We didn't have access to any of the AP infrastructure, as this was managed by an external provider. But any time we wanted an issue solved with the network we needed to contact that provider with details of the issue. So we needed to both verify the issue ourselves, and build a case for the provider to look into.
So there were no tools we could use to validate these issues, and no time to sit next to an AP and check it was playing up. That's where this project came into play. The idea was we could just leave a bunch of Raspberry Pis in locations that were possibly troublesome, and then wait for them to pickup an issue automatically.
Design §
This needed to be as simple and easy to deploy as possible. With the capabilities for seamless scaling with multiple deployed nodes. The design also needed to be completely free (excluding paying for a raspberry pi) by using the free configuration of Grafana Cloud and the Grafana dashboard. Note that Ookla speedtest (one of the metric gatherers for this) has a rate limit for your IP.
Setup & deployability §
With these restraints, I designed a system where each Pi would host a Docker container that runs the whole system which is configured to boot on start and restart on fail. This way, there was no painful setup across different systems and system-dependent errors were less common in development, given the whole thing was containerised. After the Docker setup, you could just pull the power plug on the Pi, move it around and plug it back in and the whole thing would just work. This achieved my goals of making it easy to deploy.
Scaling with ease §
Now what if I want node 1 in this part of the building, then node 3 over here and node 2 can just sit in my office?

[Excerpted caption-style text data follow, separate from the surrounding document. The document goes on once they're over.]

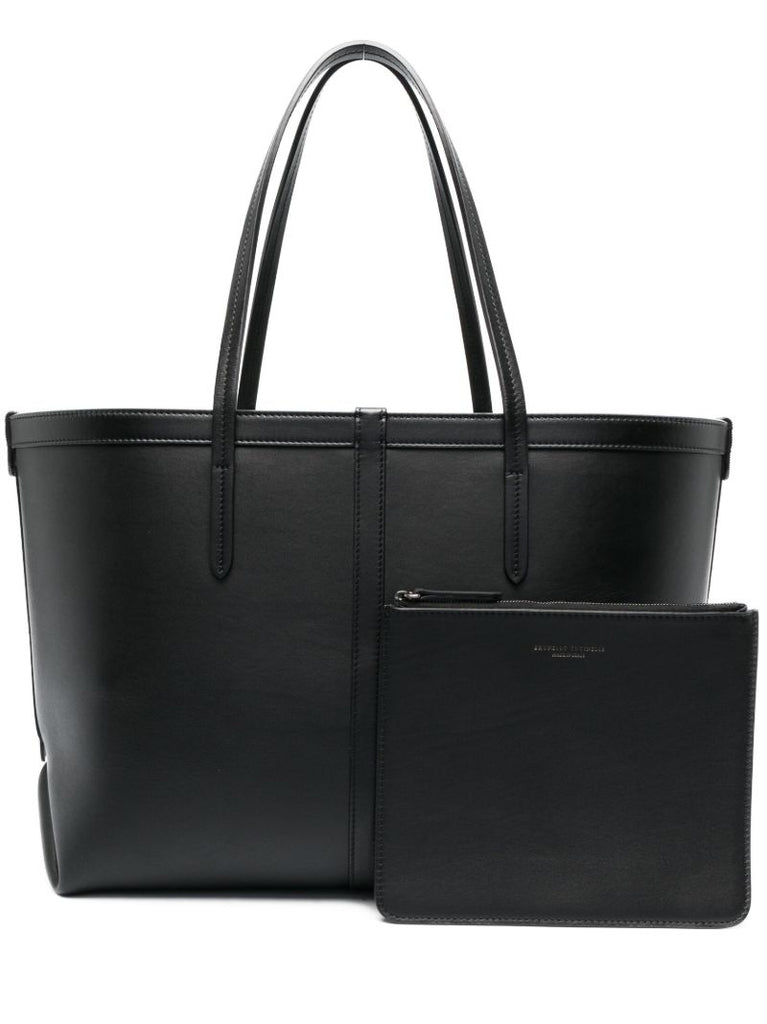 Black Leather Tote Bag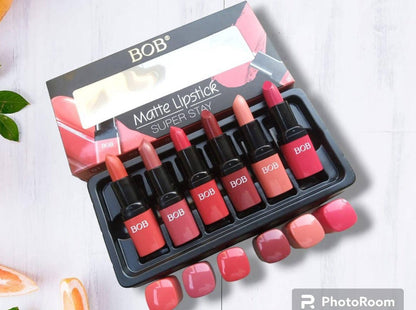 Pack of 6 Bob Super Stay Matte Lipstick Set | Best Quality
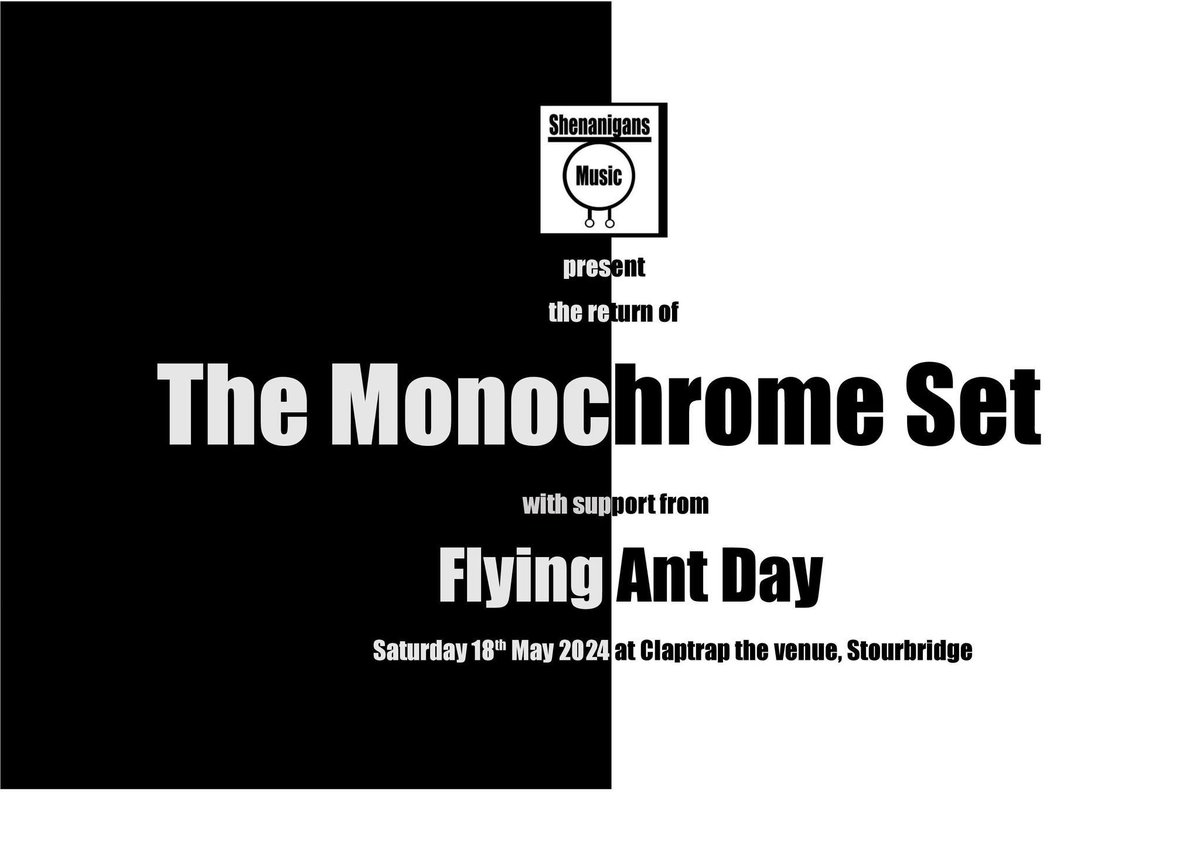 Stourbridge! Tonight you've got The Monochrome Set @themonoset at @claptrapvenue Claptrap The Venue - final few tickets on sale now. Support from @FlyingAntDay_ >> allgigs.co.uk/view/artist/71…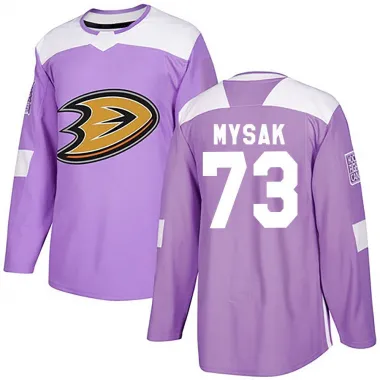 Purple Men's Jan Mysak Authentic Anaheim Ducks Fights Cancer Practice Jersey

Well the visualisation and UI design of this was easy. Given each device has a hard coded name in the config, Grafana would have a dedicated section for the device you selected at the top (see dashboard). Then if you had multiple devices, they would just tile up next to each other in the upper summary section. Pushing to the database was also okay, because you have each device with a different name.
But the hard part was adhering to the 'one speedtest per hour per IP address' rule by Ookla.

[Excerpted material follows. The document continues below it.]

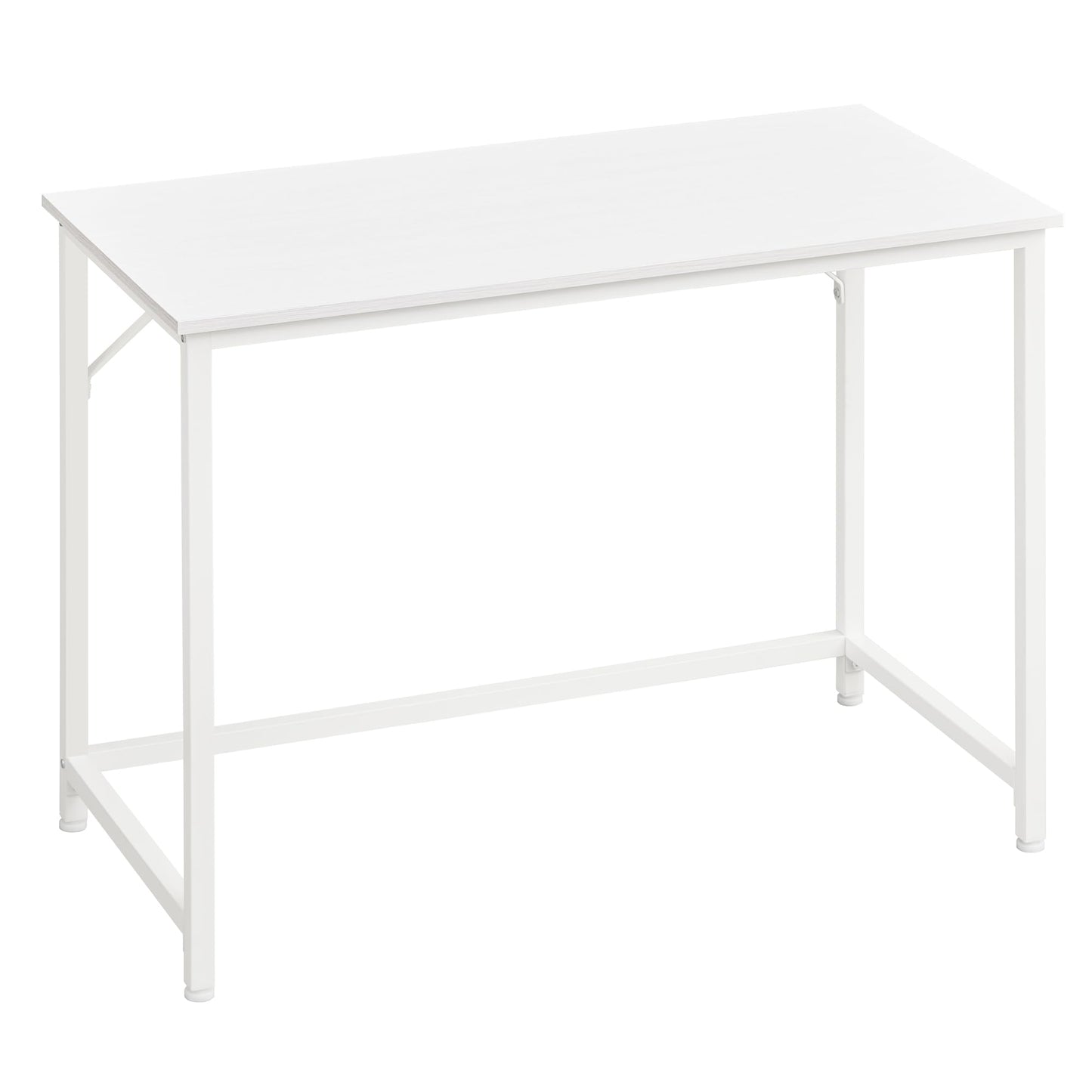 VASAGLE Computer Desk, Office Work Desk, 19.7 x 39.4 x 29.9 Inches, for Study, Bedroom, Home Office, Living Room, Maple White and Cloud White ULWD041W44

Given there was no obvious way to ask Ookla if the next test test would be limited (they probably rate limit with more rules than just 1 per hour), I decided I would just keep tabs on how many I've been running, and who's turn it is.
So I needed to
- Keep track of when the last test was
- This needed to be available on the cloud so it was available to all devices in the system. Because some devices could go offline when others want to check their position in the queue
- Figure out if the device can run a test ("will this test cause a rate limit?")
- Run tests in a round robin way to equally query each device
Speedtest distributor/orchestrator design §
Firstly, shout-out to my wonderful friend and career mentor James Baker who put me onto the orchestrator/driver model.

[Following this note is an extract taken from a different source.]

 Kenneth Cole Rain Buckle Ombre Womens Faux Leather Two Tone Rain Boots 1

The approach I took was to use the Grafana database as a lazy orchestrator, where the clients would just query it and see who's been pushing data and when.
Here's a basic sample of getting the number of devices online
if RESULT_JSON["status"] == "success":
ORIGINS = [x["metric"]["origin_prometheus"]
for x in RESULT_JSON["data"]["result"]]
logging.info(f"Devices found online: {ORIGINS}")
# If 0 devices are reported online, assume 1
return max(len(ORIGINS), 1)
else:
logging.error(
f"Valid HTTP JSON response collected, but API returned status: {RESULT_JSON['status']}")
return None
Then, based on the number of devices online and the time the device joined the session, it would now know when to wait for the next test with the round robin effect.
This design relies on the fact that Ookla allows tests 'on demand' rather than following an exact and strict regiment of 'one per hour per IP'. It also assumes the user is setting up NetCheck on the one LAN with a single WAN IP shared between all clients. Otherwise each client would be limited more than they need to be.
Also an hour wasn't hard coded in the case someone had a private speedtest server and could run a test every few minutes.
Conclusion §
This project taught me so much stuff
- Distributed computing (or at least distributed computers)
- Docker and containers
- Grafana
- And more stuff about databases
- Logging
- Remote access
- The security concerns of BSSIDs (lol)
- Documenting for others
- Designing dynamic UI for alerts and error identification
Thanks to Ben Fon who got me onto making this project and bought some Pis for it.